Peham beschreibt Erscheinungsformen und Phänomene des Antisemitismus vom Mittelalter bis in die Gegenwart. So datierten etwa die ersten Pogrome im Jahr 1338 in Pulkau und Wolfsberg. Zu ersten großflächigen Vertreibungen sei es 1420/21 gekommen, als Juden vorgeworfen wurde, Hostien geschändet und mit den verfeindeten Hussiten kollaboriert zu haben. Peham verweist in seiner historischen Übersicht auch darauf, dass das Judentum im Lauf der Zeit nicht nur von seinen erklärten Feinden immer weniger als Religionsgemeinschaft, sondern vielmehr als (feindliche) Nation oder als „Staat im Staat“ gesehen wurde. Von modernem politischen Antisemitismus könne in Österreich ab dem Ende des Vormärz gesprochen werden, als die Reaktion versuchte, das Kleinbürgertum mittels Judenhetze aus dem Lager der Revolution zu holen, so der Autor. Mit Karl Luegers Übernahme des Bürgermeisteramtes in Wien 1897 sei die damalige Reichshauptstadt zur ersten antisemitisch regierten Hauptstadt Europas geworden. Der rasante Aufstieg der Christlichsozialen zur stärksten Partei sei ohne die Integrations- und Mobilisierungskraft des Antisemitismus nicht möglich gewesen.

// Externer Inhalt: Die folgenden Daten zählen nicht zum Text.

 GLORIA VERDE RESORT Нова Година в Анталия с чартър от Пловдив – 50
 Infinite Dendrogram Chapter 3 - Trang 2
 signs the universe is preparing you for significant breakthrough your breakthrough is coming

Die „österreichische Spielart“ des Antisemitismus sei vor 1933 die extremste und mächtigste in ganz Mittel- und Westeuropa gewesen. Nach Auschwitz hatte der offene und politische Antisemitismus auf der Hauptbühne ausgespielt, bilanziert Peham. Dieser wurde – außer in rechtsextremen und islamistischen Milieus – von einem „Antisemitismus ohne bekennende Antisemiten“ abgelöst. Aus einem ideologisierten und fest geschlossenen Massenwahn wurden einzelne Ressentiments, die sich jedoch unter bestimmten Bedingungen rasch wieder zu einer solchen sozialen Pathologie verdichten können, warnt der Autor.

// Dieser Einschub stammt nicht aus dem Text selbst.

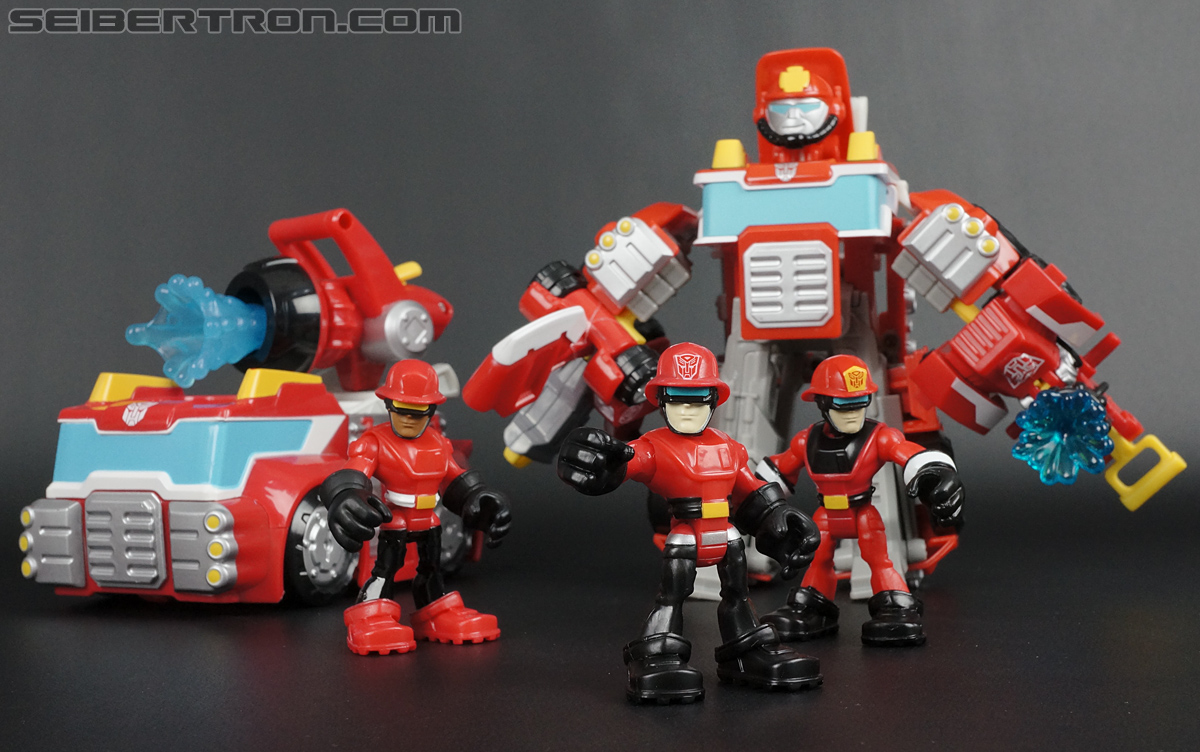 Transformers Rescue Bots Heatwave the Fire-Bot (Image #112 of 128)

Pehams Beitrag bringt umfangreiche Befunde zum Antisemitismus und zum Umgang mit diesem in ÖVP, FPÖ, SPÖ und KPÖ in der Zweiten Republik. Bis in die 1990er Jahre hätten Studien Korrelationen zwischen Antisemitismus und Wahlverhalten gezeigt, so Peham. Dies verweise auf die Verantwortung der politischen Eliten, die viel zu lange immer nur den Antisemitismus bei den anderen kritisiert hätten. Aber jedes erfolgreiche Engagement gegen Antisemitismus habe politische Glaubwürdigkeit zur Voraussetzung.